Recall that a Polish space is a separable completely metrizable topological space.
The following is a classical result:
Every separable metrizable space la homeomorphic to a subspace of the Hilbert cube $[0,1]^\Bbb{N}$. In particular, the Polish spaces are, up to homeomorphism, exactly the $G_\delta$ subspace of the Hilbert space.
As a consequence, it is stated that every separable metrizable (resp. Polish) space $X$ can be embedded as a dense (resp. $G_\delta$) subset of a compact metrizable space.
I don't understand how to deduce the above conclusion.
The key idea in the proof of the above classical result is that the map $x\mapsto (d(x,x_n))$ from $X$ to $[0,1]^\Bbb{N}$ is a topological embedding, where $\{x_n\}$ is an enumeration of a dense subset of $X$ itself.
Let $f$ be such an embedding.
To prove that $f(X)$ is dense in the Hilbert cube, I have to show that for fixed $(t_n)\in [0,1]^\Bbb{N}$ and nhood $U=(t_1-\epsilon,t_1+\epsilon)\times\dots\times (t_n-\epsilon,t_n+\epsilon)\times[0,1]^{\Bbb{N}-m}$ $\epsilon >0$ there exists $x\in X$ s.t. $\lvert d(x,x_1)-t_1\rvert<\epsilon,\dots,\lvert d(x,x_n)-t_n\rvert<\epsilon$.

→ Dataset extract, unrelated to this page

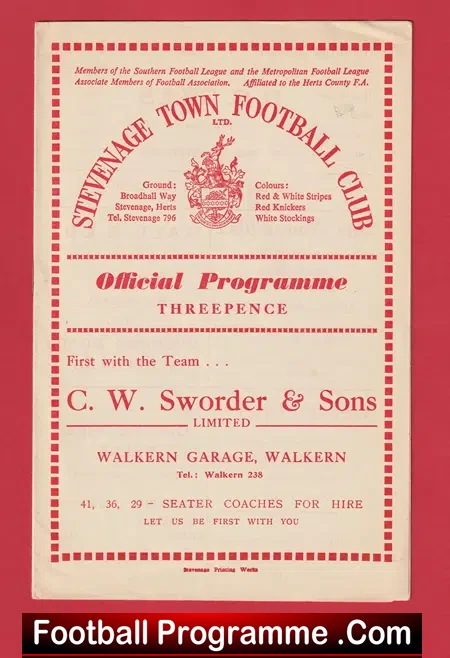 Stevenage Town v Tonbridge 1964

As far as I understand, there is no hope to find such an $x\in X$ in general.
What am I missing?
Best Answer
You cannot prove that the range of your map is dense. [ Consider the case of a finite metric space]. But what is true is the closure of the range of this map is a compact metric space and the range is dense in this space.